(Scraped caption text data)
* * * * *

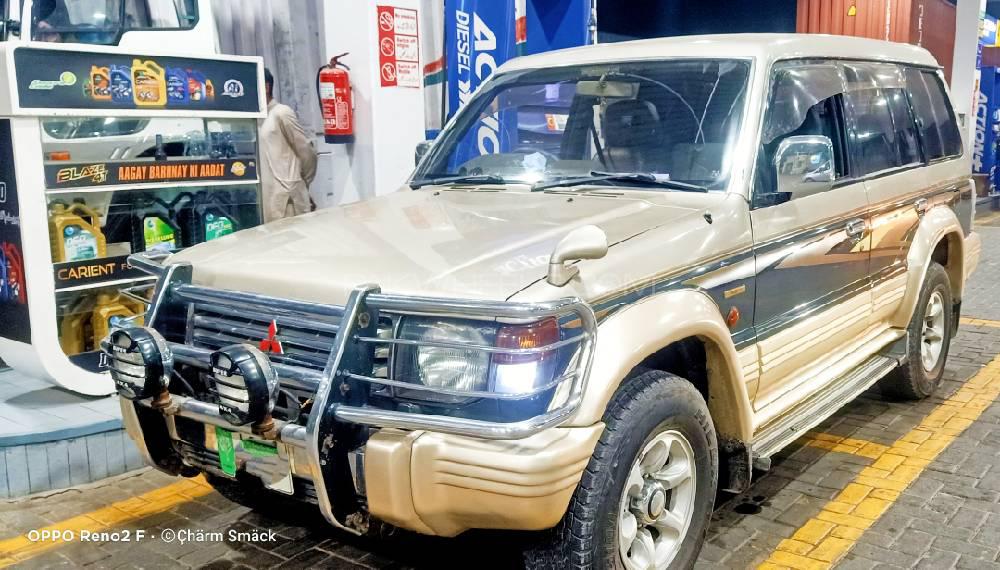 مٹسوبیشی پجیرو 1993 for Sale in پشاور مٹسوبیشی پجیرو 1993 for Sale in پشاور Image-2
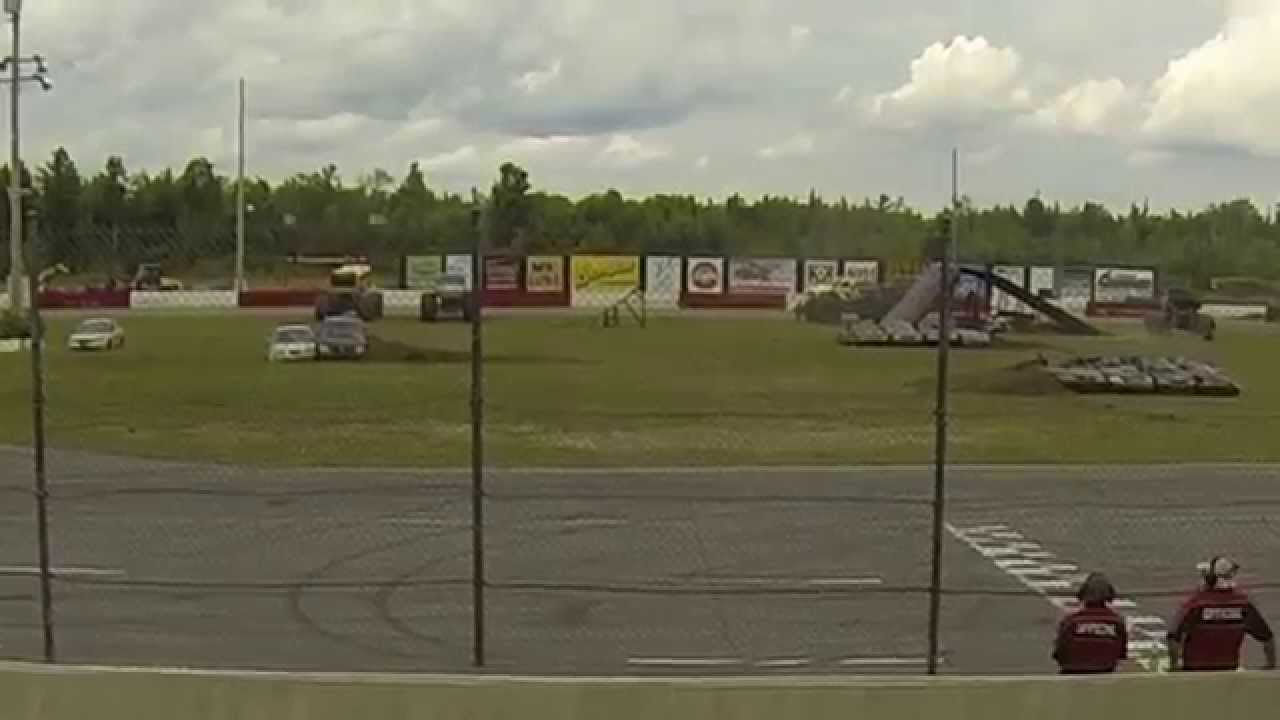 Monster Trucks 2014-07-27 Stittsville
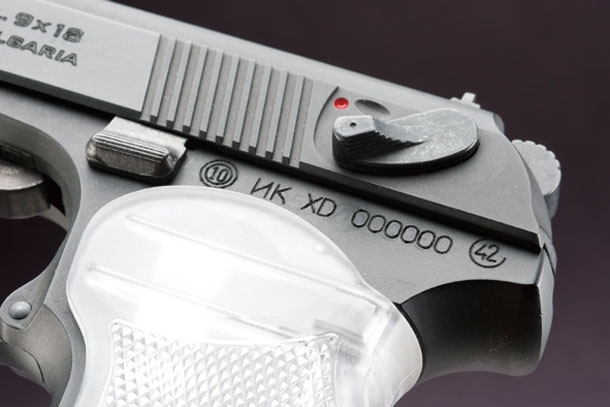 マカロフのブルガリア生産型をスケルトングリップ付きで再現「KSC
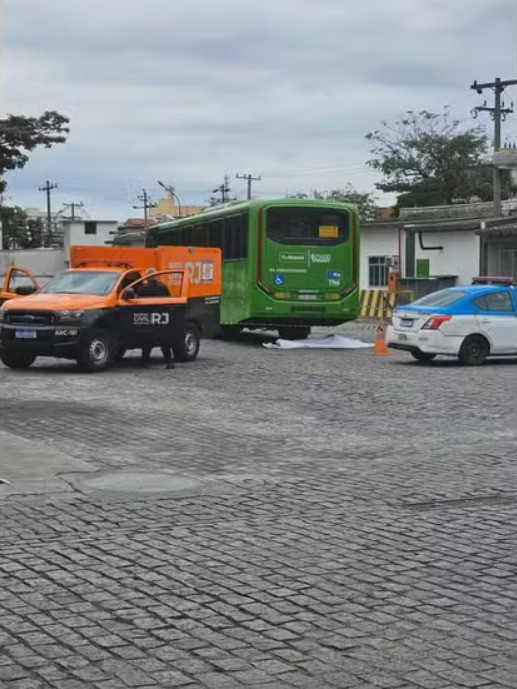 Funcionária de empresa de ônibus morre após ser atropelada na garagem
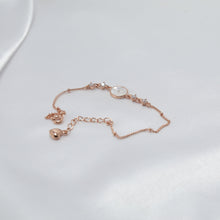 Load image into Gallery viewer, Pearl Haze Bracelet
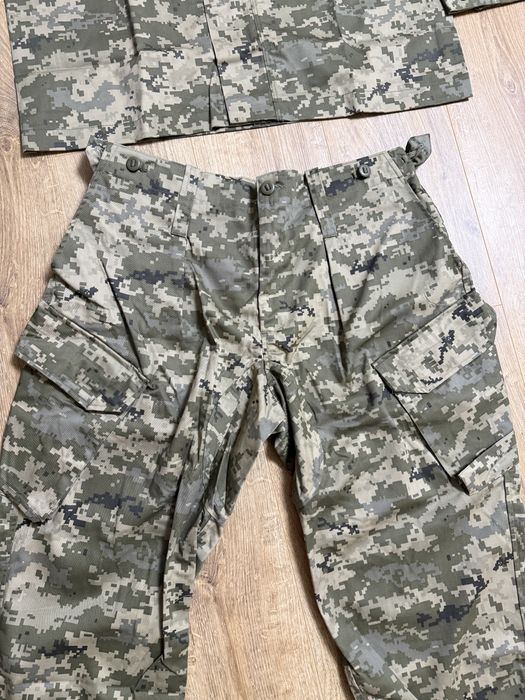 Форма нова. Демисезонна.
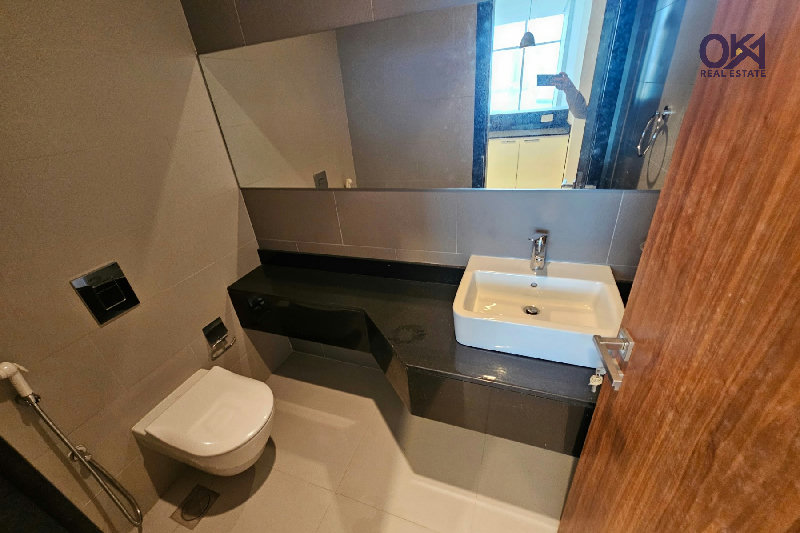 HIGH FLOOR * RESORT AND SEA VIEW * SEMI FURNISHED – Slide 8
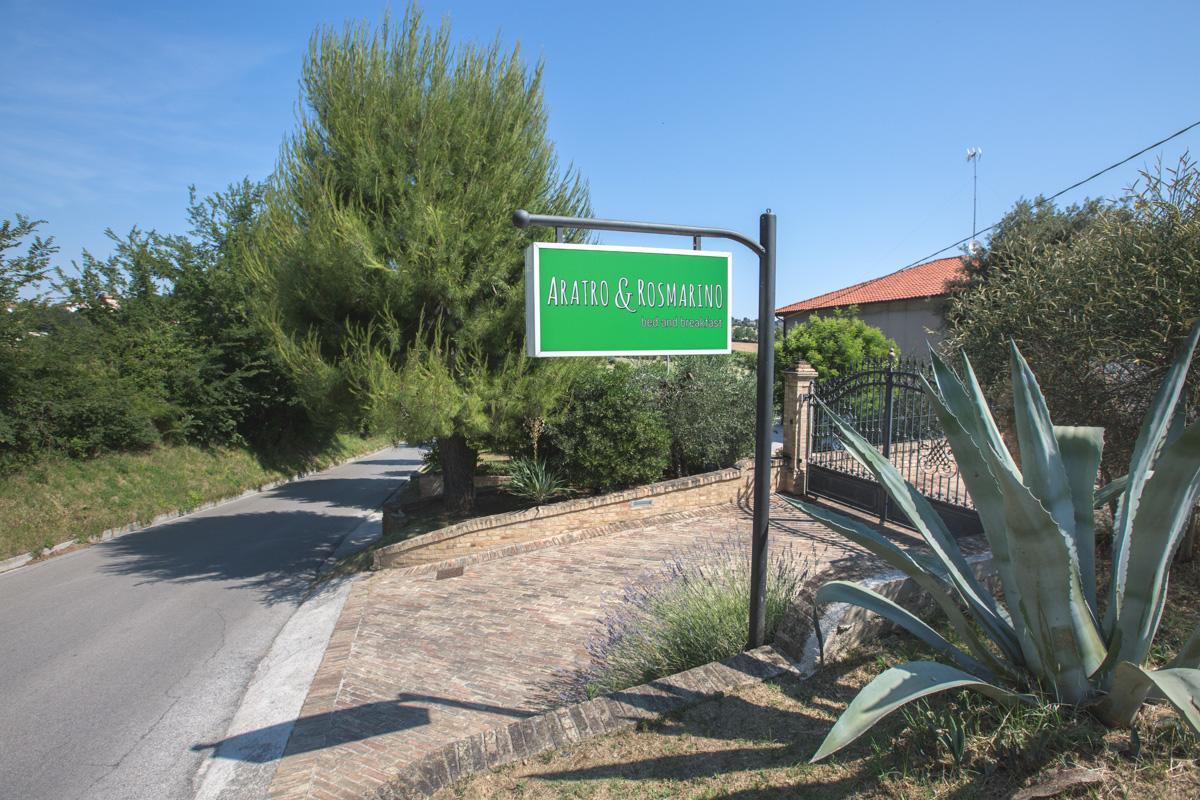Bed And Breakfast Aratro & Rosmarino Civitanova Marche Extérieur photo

* * * * *

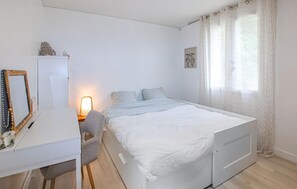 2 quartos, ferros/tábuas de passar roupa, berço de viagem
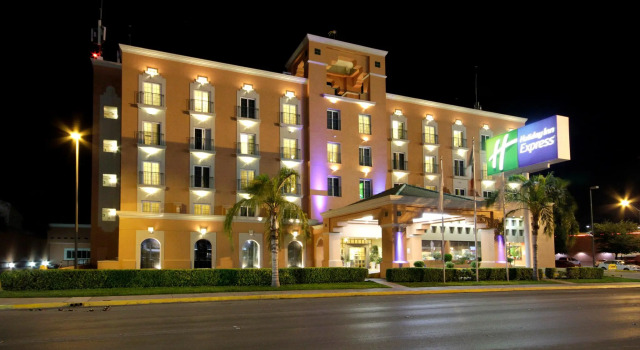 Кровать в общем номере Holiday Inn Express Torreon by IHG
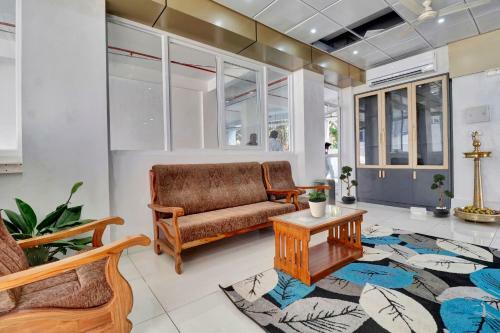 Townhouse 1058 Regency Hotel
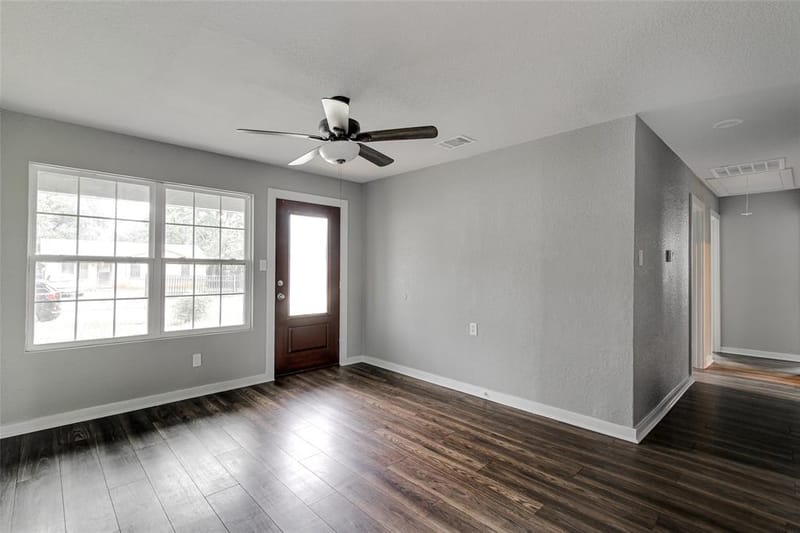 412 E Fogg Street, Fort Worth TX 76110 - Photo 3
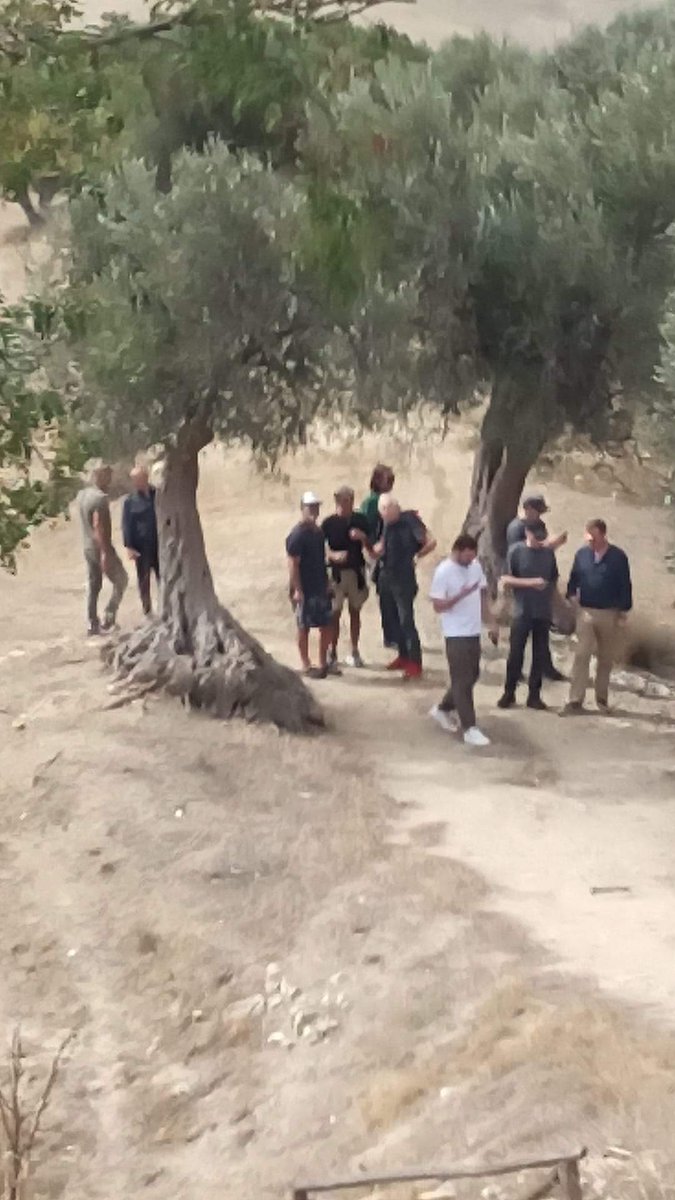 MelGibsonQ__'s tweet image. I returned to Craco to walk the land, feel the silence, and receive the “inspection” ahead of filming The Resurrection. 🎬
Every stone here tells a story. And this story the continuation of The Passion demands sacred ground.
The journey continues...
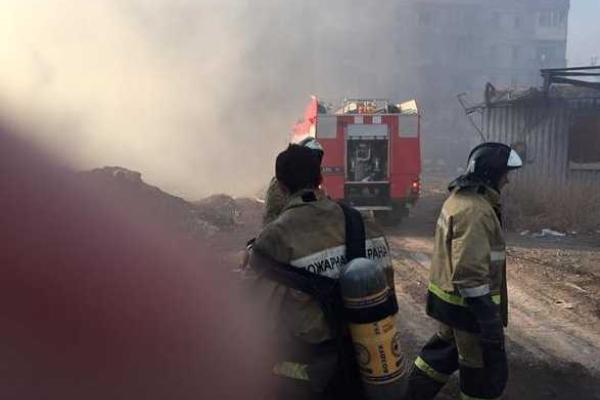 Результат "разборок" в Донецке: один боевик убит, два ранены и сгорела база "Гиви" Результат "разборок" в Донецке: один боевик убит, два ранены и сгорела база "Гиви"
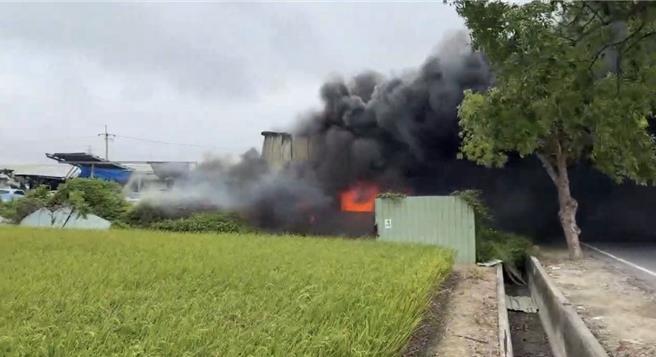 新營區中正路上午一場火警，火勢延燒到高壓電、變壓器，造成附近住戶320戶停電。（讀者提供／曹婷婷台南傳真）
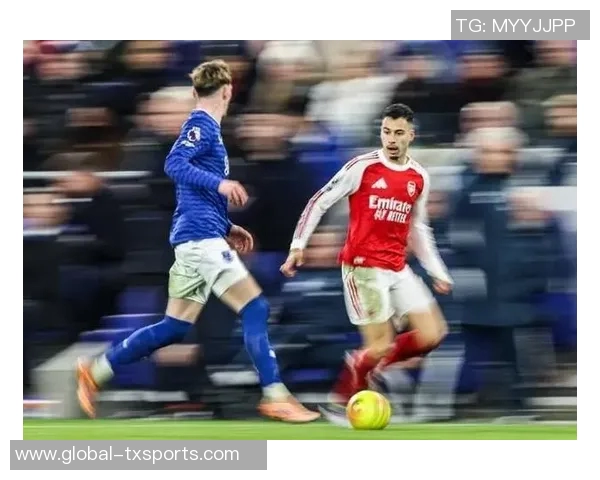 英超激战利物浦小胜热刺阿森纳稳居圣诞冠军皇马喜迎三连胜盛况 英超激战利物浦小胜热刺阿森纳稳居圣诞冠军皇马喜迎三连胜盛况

* * * * *

### REQUIRED WORK
What's needed is an exact copy of the lines above from the one with "مٹسوبیشی پجیرو 1993 for Sale in پشاور مٹسوبیشی" through the one with "Load image into", both included; the pictures stay out.

### ANSWER BOX
 مٹسوبیشی پجیرو 1993 for Sale in پشاور مٹسوبیشی پجیرو 1993 for Sale in پشاور Image-2
 Monster Trucks 2014-07-27 Stittsville
 マカロフのブルガリア生産型をスケルトングリップ付きで再現「KSC
 Funcionária de empresa de ônibus morre após ser atropelada na garagem
 Load image into Gallery viewer, Pearl Haze Bracelet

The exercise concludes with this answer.